I’m told I have a fat head

One New Year’s Eve I went snow tubing with some friends at the local ski hill. You have to wear a helmet. The helmets were distributed from a hut outside on the way to the hill. We walked up to the hut and the employee, a young man, selected a helmet for each of us. My friends were given a medium size. He turned to me and said, “Don’t worry, I saw you coming.”

He handed me an XL.

The helmets were labeled on the outside and colour-coded, so there was no hiding it. I wouldn’t have felt so embarrassed, but later as we waited in line to tube down the hill, my friend nudged me and said, “Look, you aren’t the only one with an XL!” It was a 7 feet tall behemoth man.

(FYI, I actually don’t even have a large head. I believe the employee was taking into account the giant, messy bun my hair was in. I refuse to let myself have a complex because of him. Though I did just double-check all my baseball caps for proof. They’re all “One size fits all.” So that doesn’t help my cause. But I’ll let you measure my head next time you see me so I can prove it. No complex here…)

I’m told I am a loser

I went into Best Buy to purchase the latest season of The Big Bang Theory. I was having trouble finding it and one of the employees, again, a young man, came over and asked if I needed help. “Yes, do you have The Big Bang Theory?” He laughed and said, “I thought you’d be looking for something like that.” In the moment I was appreciative that he was helping me so I just happily followed him as he led me.

But then I got home and thought about it. He was either saying I look like a giant nerd OR that I looked in need of a big bang.

I’m told I am a man

I work at a university and we host receptions for prospective students. I was chatting up a mature student as he asked me questions about the school. He suddenly changed the topic.

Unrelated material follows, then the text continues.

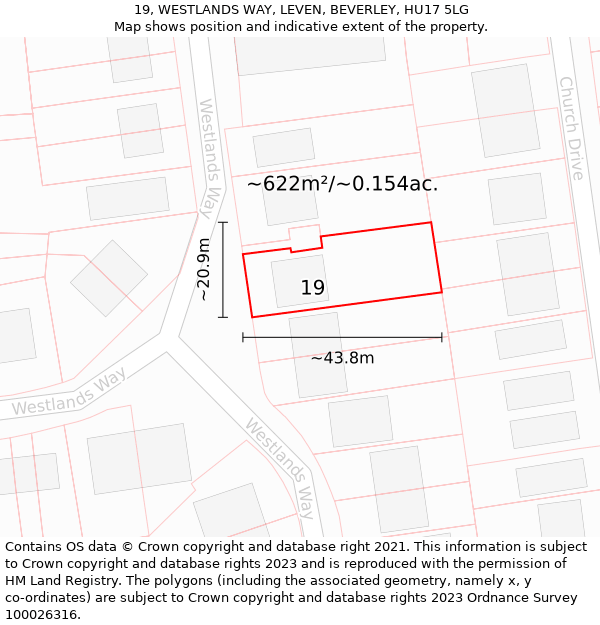 19, WESTLANDS WAY, LEVEN, BEVERLEY, HU17 5LG: Plot and title map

“You have a great chin. Very unique.”

Still in recruitment mode, I hid my discomfort with the personal compliment(?), flashed a big smile and warmly said, “Thank you!” Then he said, “Just like Kirk Douglas. He has a great chin.” I just continued saying, “Thank you!” and worked to change the subject.

When I got home I looked online for pictures of Kirk Douglas.

Source: imdb.com

Ok.

I DO NOT have a chin like Spartacus!

I can overlook the fact that I’ve been told I resemble a man if it’s actually warranted. But his biography on imdb.com starts with “Cleft-chinned, steely-eyed and virile star of international cinema…” for chrissakes! My facial deformity is NOT that pronounced. I’m pretty sure my friends don’t describe me as “cleft-chinned, beautiful, and hilarious…” — they just say “beautiful and hilarious.” Right?

I will admit my chin has the bum cheeks due to a crease down the center, but not the bum HOLE. Let’s just get that straight. Again, no complex here…

But, he actually was right. An unfortunately placed pimple that day did create the illusion.